Kilolu olmanın en önemli sebeplerinden biri
olarak ‘genetik’ yatkınlık gösterilir. Ailede obez veya fazla kilolu bir veya
daha çok kişi varsa muhtemelen senin de kilolu olmanın tek sebebi ondan almış
olduğun gen olduğunu düşünüp kolaylıkla suçlayabilirsin gibi bir düşünce
beliriyor kafamda.
Ama iş benim aileme gelince tüm düşünce ve bilimsel veriler
bir anda iç içe geçiyor ve kedi düğümü gibi karmakarışık hale geliyor. Bizim
ailede yani anne ve baba tarafımdaki tüm nüfusun toplamında (ki buna gelin ve
damatlarda dahil, sanırım üzüm üzüme baka baka karartmışız hepsini) bir elin
parmaklarını geçmeyecek kadar ‘normal kiloda’ insan var. Benimki artık genetik
kilo değil, geleneksel şişmanlık statüsünü aldı. Kimi suçlayacağımı şaşırdım.
Bugün
halam ve kuzenlerimle toplandık yüzdük eğlendik ee biraz soluklanalım dedik ve bir
cafeye girdik, oturduk konu yemek, kalkacağız konu yemek. Yalnız belirtmemde
fayda var, gitme sebebimiz yemek yemek bile değildi, bir çay içip kalkacaktık
sözde ama toplanan grup üyeleri bizimkiler olunca işler değişti elbette,
hamburger gözleme, muhallebiye kadar geniş bir skalada sürüklendik. Halam
anlatıyor ‘Bunlarla bir yere gidiyorum yemeğe, rezil oluyorum, yahu bir insan
garsona sizdeki en büyük porsiyon nedir diye sorar mı? Restoranı toptan
yiyecekler sanki.’ Bizi kuzenlerle bir gülme tutuyor ki sebebi açık, baya
benziyoruz birbirimize. ‘Ya geçen tavacıya gittik artık nasıl bir sipariş
verdikse garson 4 kişilik servis açtı, dedik abi biz iki kişiyiz sadece, ama
yemekler baya güzeldi bir gün beraber gidelim.’ Tatlısı ayrı konu başlığı, eti
makarnası ayrı, en son sushi muhabbetinde halam isyan etti ‘Doyuramıyoruz
bunları, sonumuz hayrolsun!’. Ben tutamıyorum kendimi ‘Yahu ben onların
yaşındayken çikolata yemekten bayılmıştım birgün, artık şekerim mi çıktı
tansiyonum mu sıyırdı bilmiyorum.’ Bu laftan sonra başladık yarışmaya kim en
çok çikolatayı, dondurmayı ve hamburgeri yemiş, en güzel nerede ne yenirmiş vs.

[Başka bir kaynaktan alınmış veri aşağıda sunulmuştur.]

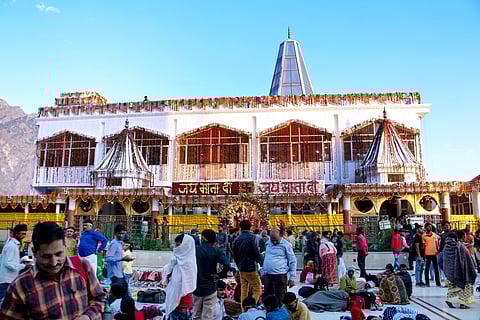 According to Omar Abdullah, one crore pilgrims visit the Mata Vaishno Devi shrine in Jammu every year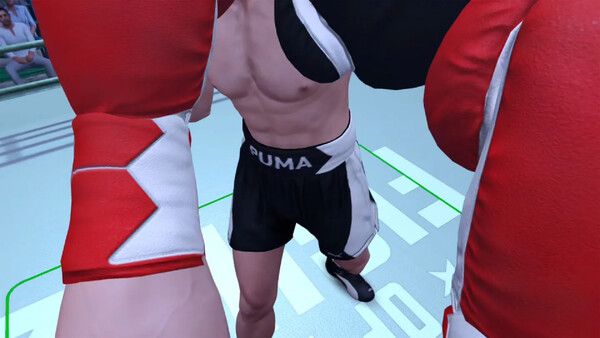 The Thrill Of The Fight 2 - Puma Original Black Shorts screenshot 2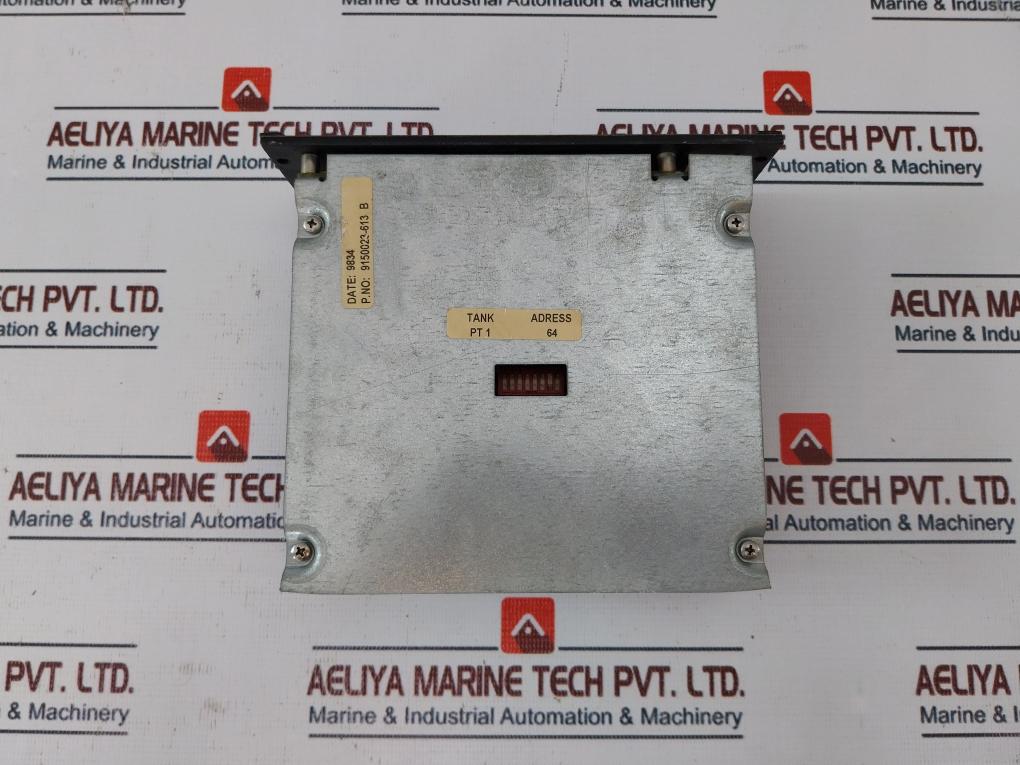 Saab 9150023-613 B Rosemount Tdu Tank Display Unit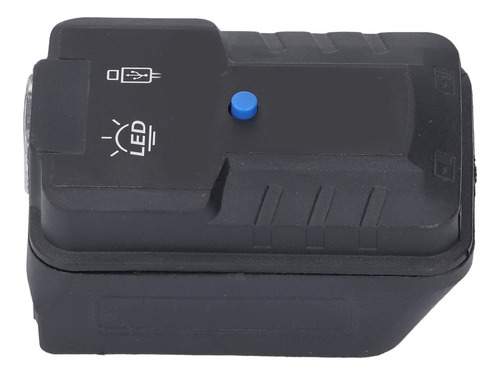 Batería Led Work 20 V 100 Lm, Doble Interfaz Usb Inalámbrica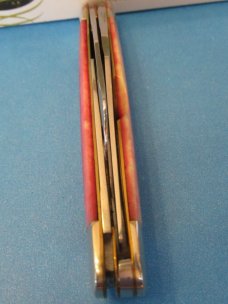Case XX 1980 Smooth Rose Handle Stockman Pattern # 63047 1/2 Case XX 1980 Smooth Rose Handle Stockman Pattern # 63047 1/2
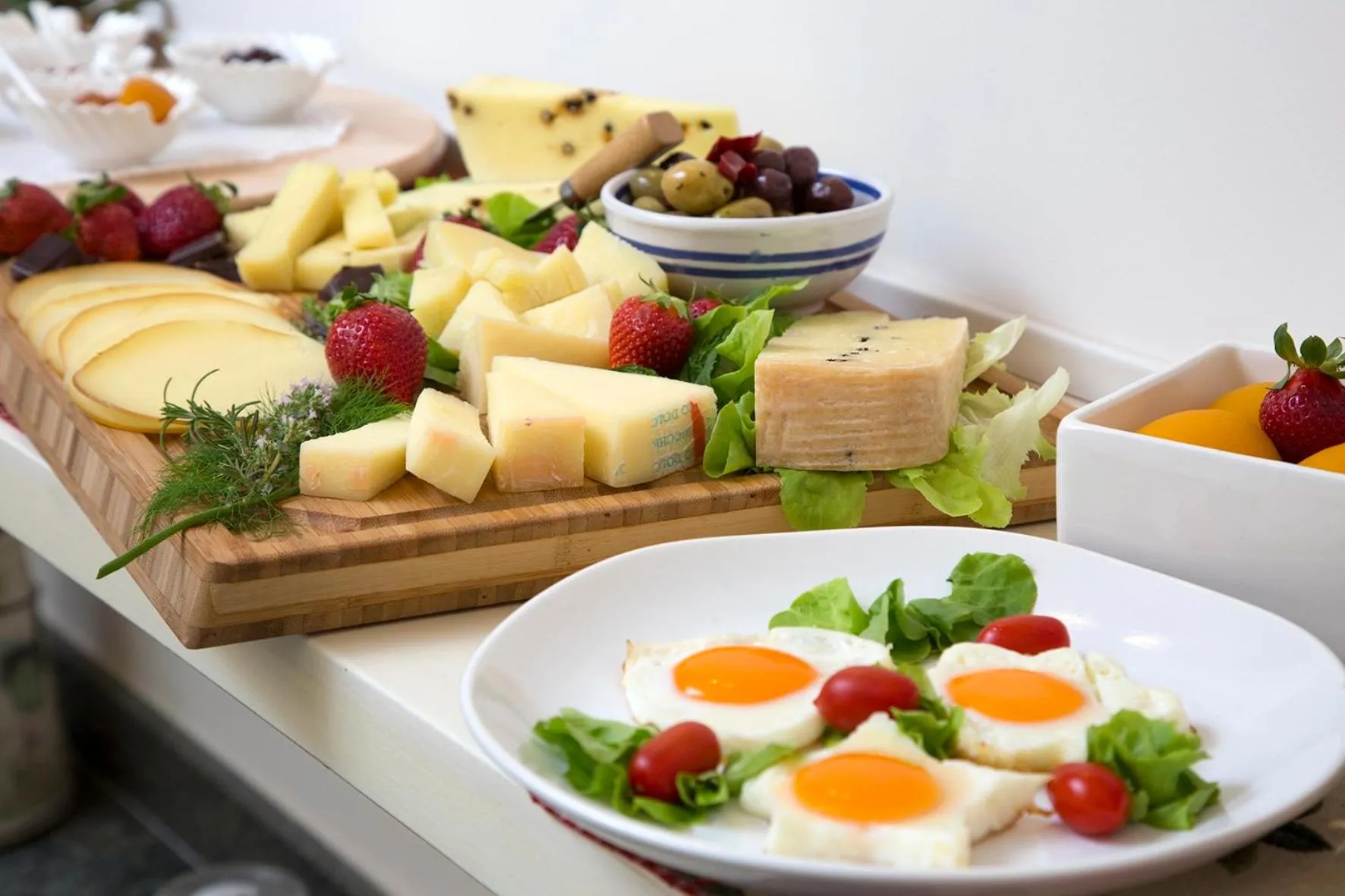 Breakfast in B&B Blanc Maison Etna Relais & Charme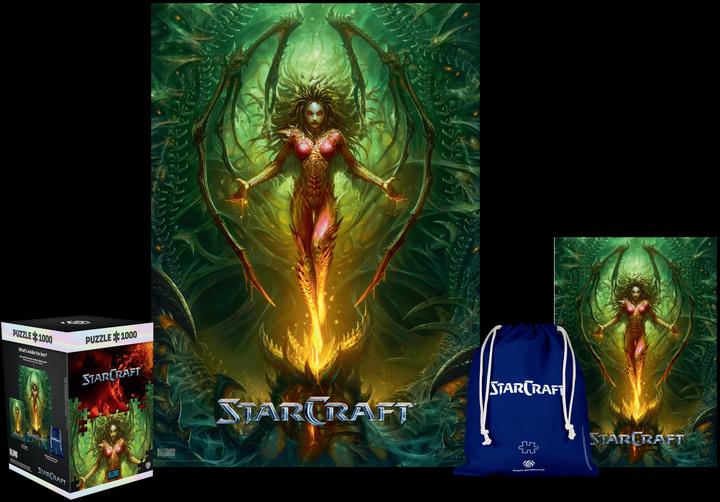 Produktbild Good Loot Starcraft: Kerrigan - Puzzle (1000 Teile)
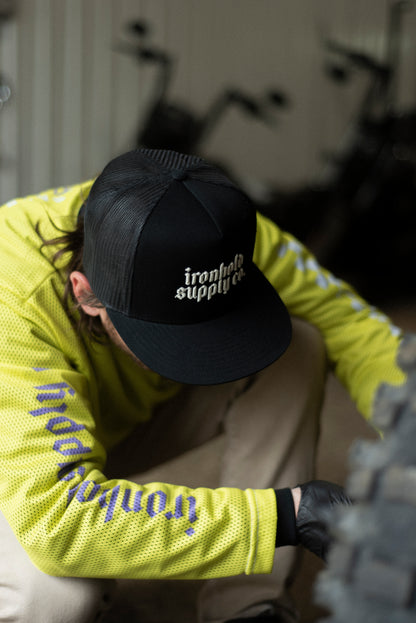 Trucker Cap Logo Ironhold - Noir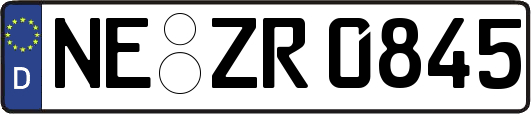 NE-ZR0845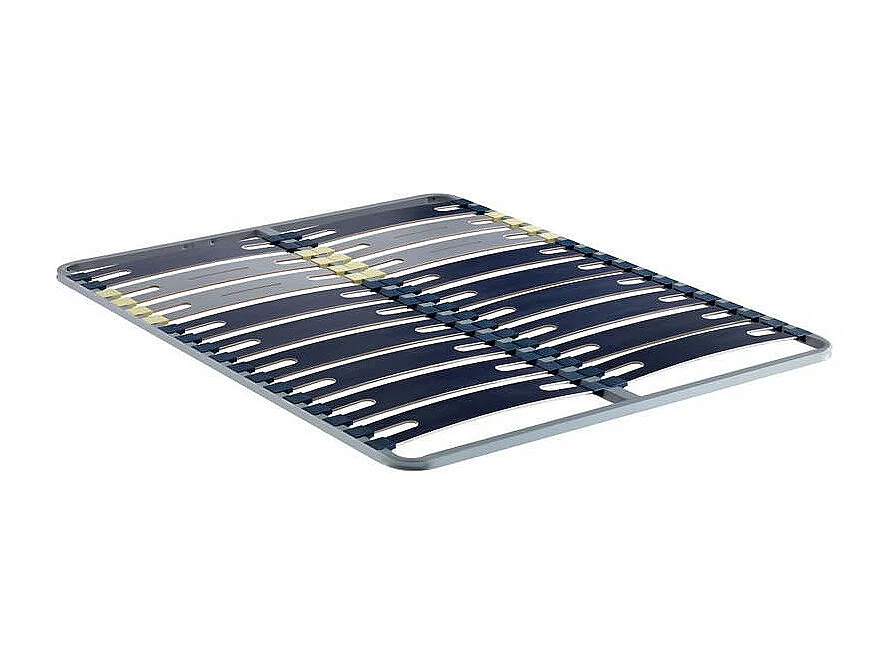 Sommier Merinos Cadre à lattes 3 Zones 160x200 - Double Sommier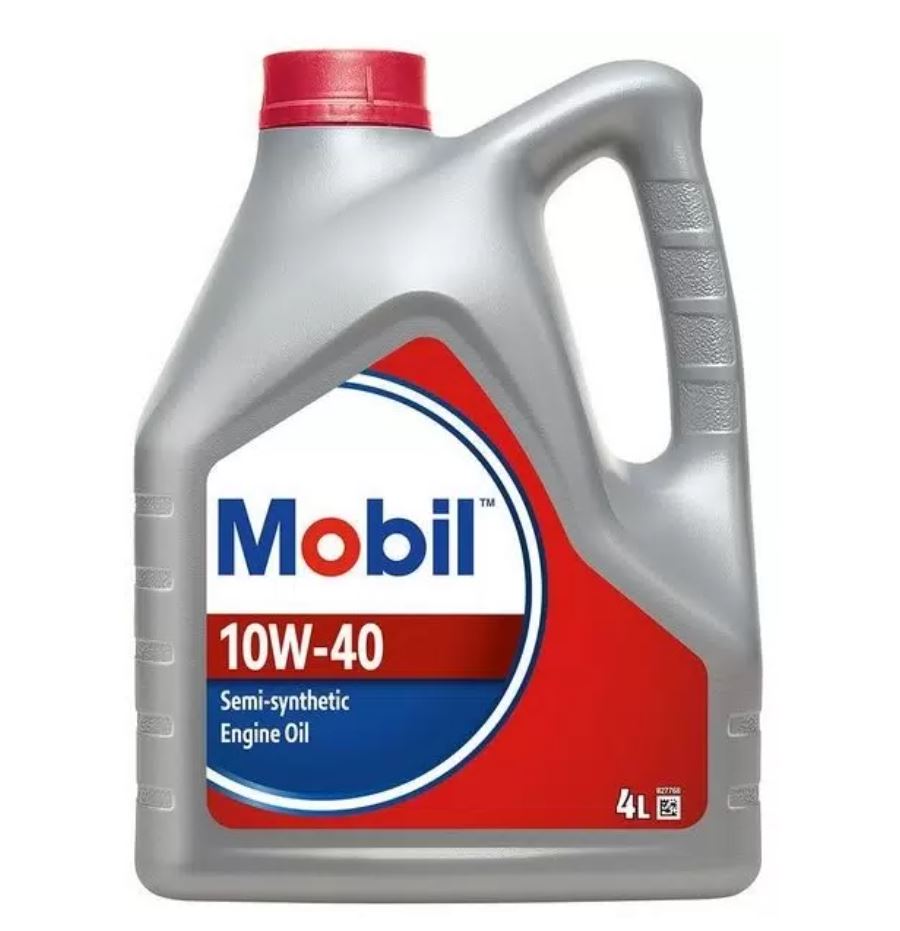 Mobil 10W40, 4L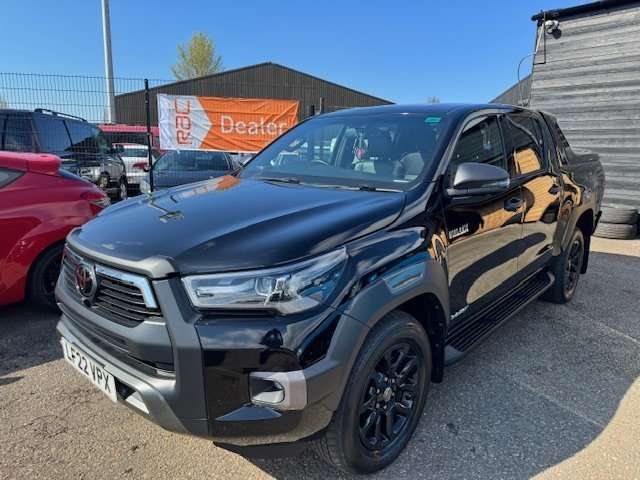 2022 TOYOTA HILUX 2022 TOYOTA HILUX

Valla yeni nesil çok acımasız, sınır yok hem yemekte hem de yemek çeşidinde,
anlaşılan ailemizin şanı daha uzun yıllar devam edecek sayemizde. Bu arada
grubun içinde biri eski olmak üzere iki basketçi, bir futbolcu ve daimi spor
yapan iki kişi var, egzersizin gözünü seveyim o da olmasa dağlara taşlara
sığamayacakmışız mazallah. Yemek yemeyi hatta konuşmayı bile çok seven bu
ailede ne mi olur dersiniz; efendim genelde anneler çocuklarını götürdükleri
diyetisyenleri, doktorları hatta kendi üzerlerinde denedikleri kozmetik
müdehaleleri paylaşır, çözüm arar, çoğunlukla bulamaz ve sonunda ‘Amannn ne
haliniz varsa görün’ durumunda ipleri salar. İpleri salınmış bu yavrucaklarda
kıtlık bilinci ile 4 porsiyon mantı, 1kg profiterol, 2set menu hamburger gibi
müesseseleri şaşırtan siparişlere imza atar. Eee sen adamın 16 yıl boyunca
yediklerinin kalorisinı hesaplar her gece yatmadan başucuna koyar, masada
yemeklere en uzak köşeye oturtup tatlıyı iki ayda bir verirsen sonunda o da
acısını çıkartmak için, kendi artı geçmişi artı geleceği olmak üzere 3 kişilik
yemeğe başlar. Bu kısır döngüde annemin isyanı geldi gözümün önüne; elinde
gazabımızdan kurtulamamış boş kurabiye kutusunu sallayarak ‘Kardeşim sizin
ortanız yok ki, kısmayınca coşuyoruzsunuz kısınca da sonra acısını
çıkartıyorsunuz, ben napiyim şimdi siz söyleyin yapıcam söz, hadi söyleyin
bana!!!!’.
Not: Sabah koşuya başlama kararı aldık geceden,
pazar alınmış pazartesi rejimine dönmeme umuduyla kapayacağım gözlerimi, 7 gün
az bir zaman değil bir de bünyeyi alıştırırsak artık düzenli spora işte o zaman
tatil dönüşü tam bir geri dönüş yaşanır. Tabana kuvvet.